R code to create the animated plot

# Dataset
Country-Year: V-Dem Core

# Load libraries
library(ggplot2)
library(gganimate)

# Rename variables
vdem <- rename(vdem, c(“country_name”=”country”,
“v2x_libdem”=”libdem”))
# Shorten country name to USA
levels(vdem$country)[levels(vdem$country)==”United States of America”] <- “USA”

# Select countries
five <- c(“Sweden”, “Turkey”, “USA”, “Poland”, “Hungary”)

p <- ggplot(data = subset(vdem, subset = country %in% five & year>1999),
aes(x = year, y = libdem, color = country, group=country))+
geom_line(size=1)+
geom_segment(aes(xend = 2018, yend = libdem), linetype = 2, colour = ‘grey’) +
geom_point(size = 2) +
geom_text(aes(x = 2020, label = country), hjust = 0) +
coord_cartesian(clip = ‘off’)+
ylim(0,1)+
xlim(2000,2020)+
labs(y = “Liberal democracy index”, x=NULL, caption=”Data: www.v-dem.net”)+
transition_reveal(year)+
theme(legend.position = “none”,
plot.margin = margin(5.5, 40, 5.5, 5.5),
axis.text = element_text(color = “black”),
axis.title.x = element_text(size=10),
plot.caption = element_text(size=8),
panel.background = element_rect(fill = “white”,
colour = “white”, size = 0.3, linetype = “solid”),
panel.grid.major = element_line(size = 0.3, linetype = ‘solid’,
colour = “grey90”))

animate(p, end_pause=10)

References
Lührmann, Anna; Mechkova, Valeriya; Dahlum, Sirianne; Maxwell, Laura; Olin, Moa; Petrarca, Constanza Sanhueza et al. (2018): State of the world 2017: autocratization and exclusion? In: Democratization 25 (8), S. 1321–1340.

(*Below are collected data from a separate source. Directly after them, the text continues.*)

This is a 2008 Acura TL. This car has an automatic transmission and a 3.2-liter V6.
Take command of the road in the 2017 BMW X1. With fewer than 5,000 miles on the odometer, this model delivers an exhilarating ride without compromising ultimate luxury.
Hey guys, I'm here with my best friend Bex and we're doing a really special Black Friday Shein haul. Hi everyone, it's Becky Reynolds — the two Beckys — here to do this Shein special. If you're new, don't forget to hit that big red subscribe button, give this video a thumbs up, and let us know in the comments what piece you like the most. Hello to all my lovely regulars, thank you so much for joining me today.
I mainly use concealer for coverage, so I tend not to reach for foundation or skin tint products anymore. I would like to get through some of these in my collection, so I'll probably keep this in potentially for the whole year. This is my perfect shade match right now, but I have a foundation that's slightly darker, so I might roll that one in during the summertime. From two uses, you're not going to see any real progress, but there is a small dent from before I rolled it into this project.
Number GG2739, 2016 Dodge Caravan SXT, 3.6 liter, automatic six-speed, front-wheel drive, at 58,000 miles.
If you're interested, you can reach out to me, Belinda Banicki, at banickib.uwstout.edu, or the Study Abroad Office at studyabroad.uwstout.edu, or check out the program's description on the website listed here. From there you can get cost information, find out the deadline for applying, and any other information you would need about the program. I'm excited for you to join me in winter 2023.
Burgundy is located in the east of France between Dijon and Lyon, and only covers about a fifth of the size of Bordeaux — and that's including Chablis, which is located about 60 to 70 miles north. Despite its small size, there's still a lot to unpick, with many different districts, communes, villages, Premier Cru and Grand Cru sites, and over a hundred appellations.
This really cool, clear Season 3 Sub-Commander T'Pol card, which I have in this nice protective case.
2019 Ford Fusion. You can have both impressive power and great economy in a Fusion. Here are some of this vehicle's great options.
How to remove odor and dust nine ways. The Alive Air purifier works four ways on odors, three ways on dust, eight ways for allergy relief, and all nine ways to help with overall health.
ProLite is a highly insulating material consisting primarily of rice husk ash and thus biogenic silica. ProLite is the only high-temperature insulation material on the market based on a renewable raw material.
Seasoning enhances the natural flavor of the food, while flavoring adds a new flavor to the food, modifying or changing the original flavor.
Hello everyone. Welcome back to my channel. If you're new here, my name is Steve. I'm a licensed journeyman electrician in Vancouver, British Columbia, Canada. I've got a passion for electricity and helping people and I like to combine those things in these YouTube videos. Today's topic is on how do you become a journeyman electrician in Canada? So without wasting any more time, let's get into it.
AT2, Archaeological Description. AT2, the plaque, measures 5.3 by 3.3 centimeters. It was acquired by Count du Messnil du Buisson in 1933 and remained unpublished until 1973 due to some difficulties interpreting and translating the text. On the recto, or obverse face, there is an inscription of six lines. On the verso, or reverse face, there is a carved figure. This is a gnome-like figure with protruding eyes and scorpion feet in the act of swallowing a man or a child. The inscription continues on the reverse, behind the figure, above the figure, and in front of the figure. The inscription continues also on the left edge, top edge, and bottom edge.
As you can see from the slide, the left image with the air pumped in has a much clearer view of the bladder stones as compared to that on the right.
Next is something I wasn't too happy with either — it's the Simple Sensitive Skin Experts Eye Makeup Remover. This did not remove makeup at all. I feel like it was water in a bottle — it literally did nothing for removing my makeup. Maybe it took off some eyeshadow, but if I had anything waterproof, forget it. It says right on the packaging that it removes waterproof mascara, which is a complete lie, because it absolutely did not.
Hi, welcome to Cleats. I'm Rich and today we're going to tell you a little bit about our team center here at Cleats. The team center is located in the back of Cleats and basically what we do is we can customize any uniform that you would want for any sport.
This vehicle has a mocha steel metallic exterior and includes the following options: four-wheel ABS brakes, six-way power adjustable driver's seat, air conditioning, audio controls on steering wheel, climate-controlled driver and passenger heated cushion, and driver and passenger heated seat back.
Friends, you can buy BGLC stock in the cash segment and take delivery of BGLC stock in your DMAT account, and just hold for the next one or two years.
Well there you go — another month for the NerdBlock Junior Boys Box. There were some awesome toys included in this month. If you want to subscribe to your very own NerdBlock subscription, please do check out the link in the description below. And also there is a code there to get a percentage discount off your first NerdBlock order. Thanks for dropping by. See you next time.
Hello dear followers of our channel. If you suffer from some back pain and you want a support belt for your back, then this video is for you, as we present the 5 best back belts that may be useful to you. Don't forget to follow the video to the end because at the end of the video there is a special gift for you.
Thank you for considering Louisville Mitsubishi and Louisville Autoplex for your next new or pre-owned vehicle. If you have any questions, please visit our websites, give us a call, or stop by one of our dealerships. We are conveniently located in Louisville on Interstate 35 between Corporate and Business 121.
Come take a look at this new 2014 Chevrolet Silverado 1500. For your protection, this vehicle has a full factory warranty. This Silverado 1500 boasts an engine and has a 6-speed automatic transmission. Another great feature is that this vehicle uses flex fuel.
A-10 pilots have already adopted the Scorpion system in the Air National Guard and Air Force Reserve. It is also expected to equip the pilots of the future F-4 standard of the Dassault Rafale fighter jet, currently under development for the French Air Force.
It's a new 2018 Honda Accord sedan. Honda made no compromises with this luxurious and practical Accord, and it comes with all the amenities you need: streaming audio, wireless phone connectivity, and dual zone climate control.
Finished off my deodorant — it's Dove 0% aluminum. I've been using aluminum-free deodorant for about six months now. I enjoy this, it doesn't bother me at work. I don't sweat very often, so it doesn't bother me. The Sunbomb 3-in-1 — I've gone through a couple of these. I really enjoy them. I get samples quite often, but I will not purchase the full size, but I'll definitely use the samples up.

Wickham, Hadley; Grolemund, Garrett (2017): R for data science. Import, tidy, transform, visualize, and model data. Beijing, Boston, Farnham, Sebastopol, Tokyo: O’Reilly.Wickham, Hadley; Grolemund, Garrett (2017): R for data science. Import, tidy, transform, visualize, and model data. Beijing, Boston, Farnham, Sebastopol, Tokyo: O’Reilly.